Go through the entries below. Copy each line in which "кристаллы" appears.

[Provided information]
■ ■ ■ ■ ■ ■ ■
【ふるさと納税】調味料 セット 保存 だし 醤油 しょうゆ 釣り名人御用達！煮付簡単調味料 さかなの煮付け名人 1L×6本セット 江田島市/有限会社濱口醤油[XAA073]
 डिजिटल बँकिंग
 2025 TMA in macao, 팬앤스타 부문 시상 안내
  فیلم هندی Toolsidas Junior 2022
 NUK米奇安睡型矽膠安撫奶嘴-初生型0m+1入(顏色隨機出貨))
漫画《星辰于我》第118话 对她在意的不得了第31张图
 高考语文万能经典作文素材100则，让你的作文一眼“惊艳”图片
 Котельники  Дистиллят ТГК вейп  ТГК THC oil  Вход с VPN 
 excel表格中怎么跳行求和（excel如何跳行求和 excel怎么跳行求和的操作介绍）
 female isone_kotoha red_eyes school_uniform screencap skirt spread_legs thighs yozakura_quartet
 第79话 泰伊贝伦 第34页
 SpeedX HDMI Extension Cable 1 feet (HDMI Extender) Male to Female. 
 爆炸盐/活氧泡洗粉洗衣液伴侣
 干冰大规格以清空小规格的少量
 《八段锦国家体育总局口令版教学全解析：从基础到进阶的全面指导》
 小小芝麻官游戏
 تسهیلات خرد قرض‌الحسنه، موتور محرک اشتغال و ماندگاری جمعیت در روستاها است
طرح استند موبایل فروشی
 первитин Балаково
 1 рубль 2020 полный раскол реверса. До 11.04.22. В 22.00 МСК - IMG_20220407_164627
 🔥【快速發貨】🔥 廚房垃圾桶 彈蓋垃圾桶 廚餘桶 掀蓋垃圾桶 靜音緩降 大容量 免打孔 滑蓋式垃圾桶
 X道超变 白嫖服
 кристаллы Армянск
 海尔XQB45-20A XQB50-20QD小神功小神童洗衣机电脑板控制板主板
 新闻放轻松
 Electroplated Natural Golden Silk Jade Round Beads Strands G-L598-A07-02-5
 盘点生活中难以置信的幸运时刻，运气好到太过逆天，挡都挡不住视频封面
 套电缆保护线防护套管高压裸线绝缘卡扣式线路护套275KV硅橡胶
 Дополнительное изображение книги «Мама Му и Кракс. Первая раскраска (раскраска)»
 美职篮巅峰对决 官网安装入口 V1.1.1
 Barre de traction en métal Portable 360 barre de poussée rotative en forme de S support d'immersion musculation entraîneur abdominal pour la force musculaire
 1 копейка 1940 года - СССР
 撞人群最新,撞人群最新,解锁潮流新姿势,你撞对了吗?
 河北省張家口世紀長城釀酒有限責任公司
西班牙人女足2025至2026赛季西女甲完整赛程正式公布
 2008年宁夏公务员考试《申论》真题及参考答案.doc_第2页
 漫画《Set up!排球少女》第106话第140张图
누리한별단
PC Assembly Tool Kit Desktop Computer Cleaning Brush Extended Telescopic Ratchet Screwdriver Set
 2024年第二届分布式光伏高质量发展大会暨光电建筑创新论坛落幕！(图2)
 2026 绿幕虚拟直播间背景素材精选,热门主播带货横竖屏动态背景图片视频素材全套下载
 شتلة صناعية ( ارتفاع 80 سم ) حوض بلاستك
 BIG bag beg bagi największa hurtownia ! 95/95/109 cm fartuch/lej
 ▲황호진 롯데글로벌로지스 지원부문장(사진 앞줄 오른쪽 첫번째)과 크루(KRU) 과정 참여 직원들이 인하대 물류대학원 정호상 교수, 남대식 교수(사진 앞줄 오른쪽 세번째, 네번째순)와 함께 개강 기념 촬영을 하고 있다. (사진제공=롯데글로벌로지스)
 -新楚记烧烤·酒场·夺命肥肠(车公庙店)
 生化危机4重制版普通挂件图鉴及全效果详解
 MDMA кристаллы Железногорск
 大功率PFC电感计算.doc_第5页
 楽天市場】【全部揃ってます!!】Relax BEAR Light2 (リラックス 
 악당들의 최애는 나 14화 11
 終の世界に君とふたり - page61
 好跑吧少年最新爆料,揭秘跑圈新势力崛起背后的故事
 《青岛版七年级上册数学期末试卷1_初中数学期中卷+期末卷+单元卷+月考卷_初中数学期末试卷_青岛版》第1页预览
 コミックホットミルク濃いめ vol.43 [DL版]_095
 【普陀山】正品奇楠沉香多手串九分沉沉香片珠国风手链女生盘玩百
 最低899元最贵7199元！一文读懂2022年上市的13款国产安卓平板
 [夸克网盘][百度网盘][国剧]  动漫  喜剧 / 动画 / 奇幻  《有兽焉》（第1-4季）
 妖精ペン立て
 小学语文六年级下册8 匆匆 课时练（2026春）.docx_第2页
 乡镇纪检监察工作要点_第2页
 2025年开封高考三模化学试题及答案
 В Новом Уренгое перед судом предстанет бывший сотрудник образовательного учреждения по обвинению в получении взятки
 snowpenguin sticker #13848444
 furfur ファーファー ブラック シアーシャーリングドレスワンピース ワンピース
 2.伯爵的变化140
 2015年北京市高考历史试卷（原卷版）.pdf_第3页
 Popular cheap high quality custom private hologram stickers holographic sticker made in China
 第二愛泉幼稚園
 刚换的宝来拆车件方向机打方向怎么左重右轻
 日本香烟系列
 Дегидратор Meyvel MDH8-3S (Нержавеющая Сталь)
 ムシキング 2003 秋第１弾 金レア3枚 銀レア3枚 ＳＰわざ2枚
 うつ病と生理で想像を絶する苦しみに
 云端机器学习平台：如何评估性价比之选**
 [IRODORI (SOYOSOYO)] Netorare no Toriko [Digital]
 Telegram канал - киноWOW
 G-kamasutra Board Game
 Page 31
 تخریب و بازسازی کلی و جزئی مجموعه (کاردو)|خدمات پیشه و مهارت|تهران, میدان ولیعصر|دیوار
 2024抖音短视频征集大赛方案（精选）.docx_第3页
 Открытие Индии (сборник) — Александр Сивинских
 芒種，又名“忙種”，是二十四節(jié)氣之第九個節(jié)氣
■ ■ ■ ■ ■ ■ ■
[The completed task]
 кристаллы Армянск
 MDMA кристаллы Железногорск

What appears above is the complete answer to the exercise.